# More Redback spiders...



## vantage (May 10, 2012)

Landlord round today to eradicate a plague of red backs from the garden furniture.
Spotted a matt of web under the corner, flipped it over, and there they were.

Second dose of red backs in 12 months.

Fun fun fun!


----------



## Mr Rossi (May 16, 2009)

vantage said:


> Landlord round today to eradicate a plague of red backs from the garden furniture.
> Spotted a matt of web under the corner, flipped it over, and there they were.
> 
> Second dose of red backs in 12 months.
> ...


A bit worrying that, usually they're only out the Ranches, Motor City etc. What did he do to get rid of them?


----------



## xxxxxxxxxxxxxxxxxStewartC (Mar 3, 2012)

where was this?


----------



## BedouGirl (Sep 15, 2011)

Jumeirah 2, which I find very worrying as Vantage only lives round the corner from me.


----------



## vantage (May 10, 2012)

We were told to be out of the house for 5 hours.
They did outside and in, including lifting manhole covers, and all outdoor furniture and loose things.
Don't know what they used, but there is a chemically smell about..


----------



## Chocoholic (Oct 29, 2012)

Redback spiders sadly suffer from an huge overreaction from people. Very few will have a serious reaction if bitten. If you start seeing Black Widows or Funnel webs - then there's a problem.


----------



## vantage (May 10, 2012)

Chocoholic said:


> Redback spiders sadly suffer from an huge overreaction from people. Very few will have a serious reaction if bitten. If you start seeing Black Widows or Funnel webs - then there's a problem.


agreed, but when you have a landlord that deals with the problem without argument, i'm dealing with the problem. I have a four year old with fingers into everything!


----------



## Chocoholic (Oct 29, 2012)

Ah yes, well when you have little ones about, it's a different story. You're luckly you have a good LL by the sounds of it.


----------



## imac (Oct 14, 2012)

is this is the one you guys are talking about? sounds (and looks) freaky as hell...

Redback spider - Wikipedia, the free encyclopedia

ugh... HATE HATE spiders...


----------



## Gavtek (Aug 23, 2009)

Time to re-evaluate my reply to the "why do ex-pats stick around" thread.


----------



## BedouGirl (Sep 15, 2011)

vantage said:


> We were told to be out of the house for 5 hours. They did outside and in, including lifting manhole covers, and all outdoor furniture and loose things. Don't know what they used, but there is a chemically smell about..


I hope you removed your four-legged furry family member from the house while they were spraying


----------



## vantage (May 10, 2012)

BedouGirl said:


> I hope you removed your four-legged furry family member from the house while they were spraying


Yes, she went on a day trip to the neighbour's!


----------



## BedouGirl (Sep 15, 2011)

vantage said:


> Yes, she went on a day trip to the neighbour's!

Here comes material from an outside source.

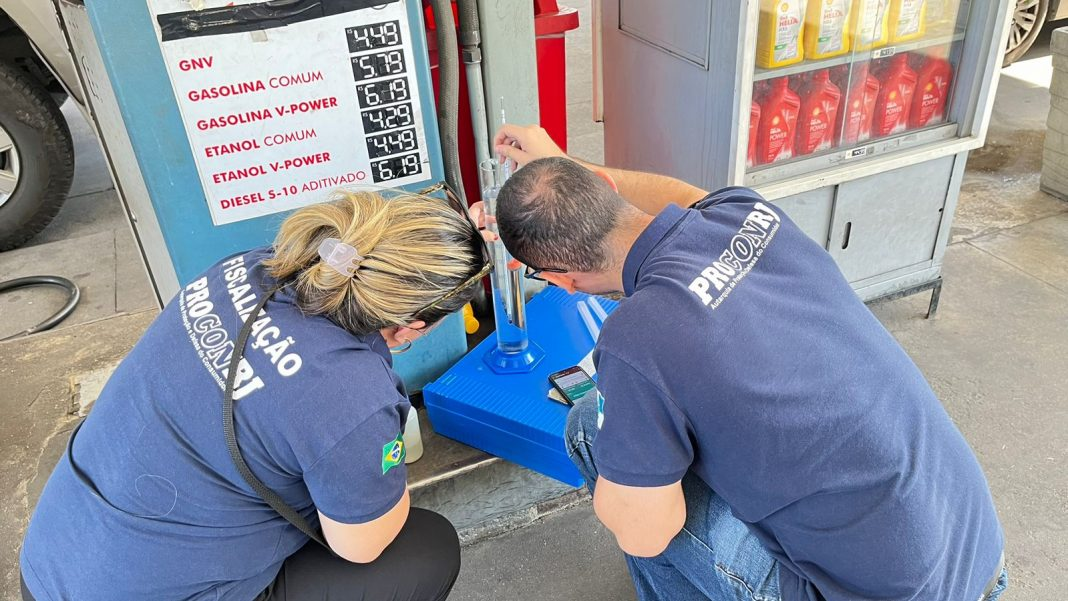 Cuidado Na Hora De Abastecer O Carro Voc Pode Estar Sendo Enganado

Aw she had an away day. Sweet


----------



## vantage (May 10, 2012)

And.......... They're back.
Loads this time.


----------



## BedouGirl (Sep 15, 2011)

vantage said:


> And.......... They're back. Loads this time.


Pif Paf 'em!


----------



## vantage (May 10, 2012)

BedouGirl said:


> Pif Paf 'em!


Have roach pif paf, and fly & mosquito pif paf. 
Is there a spider pif paf, or do the others work?


----------



## BedouGirl (Sep 15, 2011)

vantage said:


> Have roach pif paf, and fly & mosquito pif paf. Is there a spider pif paf, or do the others work?

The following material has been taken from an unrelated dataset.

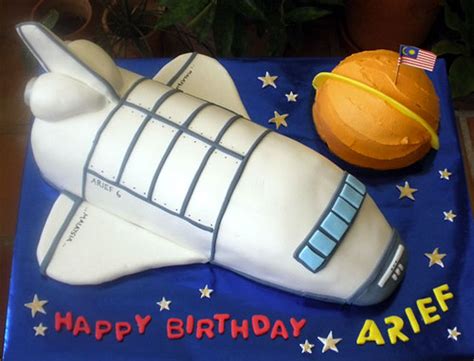 Space shuttle 3d space shuttle for an 8 year old boy birthday. Space Shuttle Cake | Tracey Chooi | Flickr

There's an all insect Pif Paf and Raid. Choits, Union and Spinneys have them all. Have a look at this too http://pestspro.com/page343.html

And just keep kitty out of the area for a couple of days. Oh yes and the kids  

Sweep up the dead ones immediately as you don't want her sniffing or eating them accidentally as they will still have the pesticides in them. The pest control companies basically use stronger industrial versions of what's in these products. 

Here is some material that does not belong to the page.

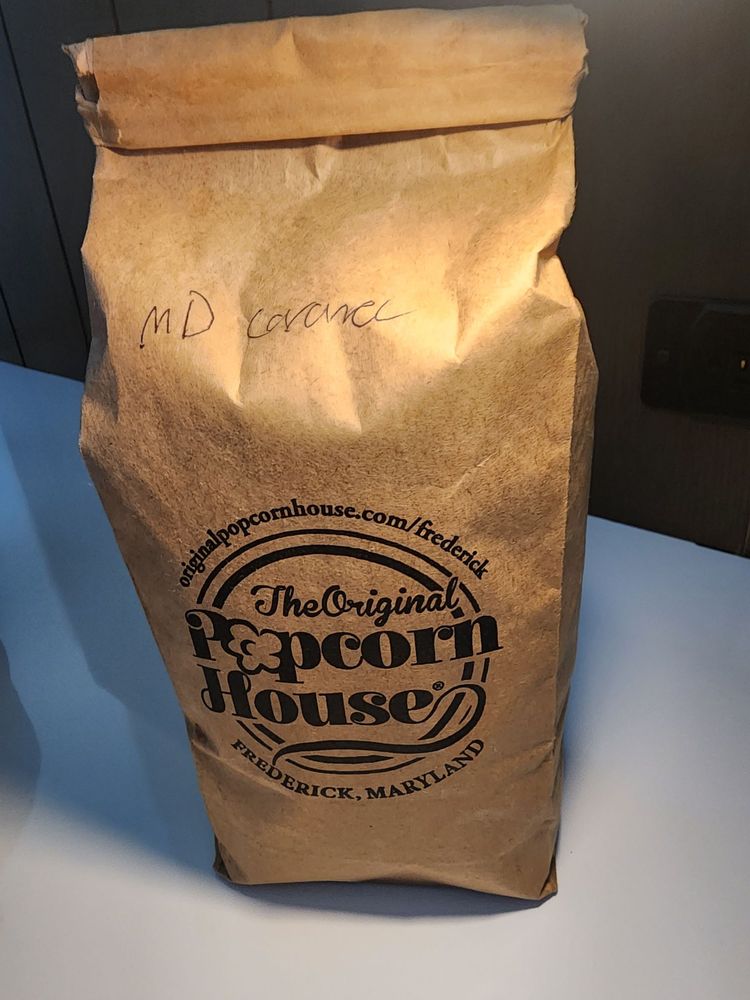 THE ORIGINAL POPCORN HOUSE Updated September 2024 26 Photos & 29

Try to see if you can find the nest.

Wear a mask when spraying.

I think I've tapped out my FM advice there  - good luck.


----------



## vantage (May 10, 2012)

BedouGirl said:


> There's an all insect Pif Paf and Raid. Choits, Union and Spinneys have them all. Have a look at this too http://pestspro.com/page343.html And just keep kitty out of the area for a couple of days. Oh yes and the kids "...........


........ And the tortoise. Oh yes, we seem to be a home for all the waifs and strays, now!

Will do some investigating. Seem to be under the table, under BBQ gas tank. In BBQ........


----------



## BedouGirl (Sep 15, 2011)

vantage said:


> ........ And the tortoise. Oh yes, we seem to be a home for all the waifs and strays, now! Will do some investigating. Seem to be under the table, under BBQ gas tank. In BBQ........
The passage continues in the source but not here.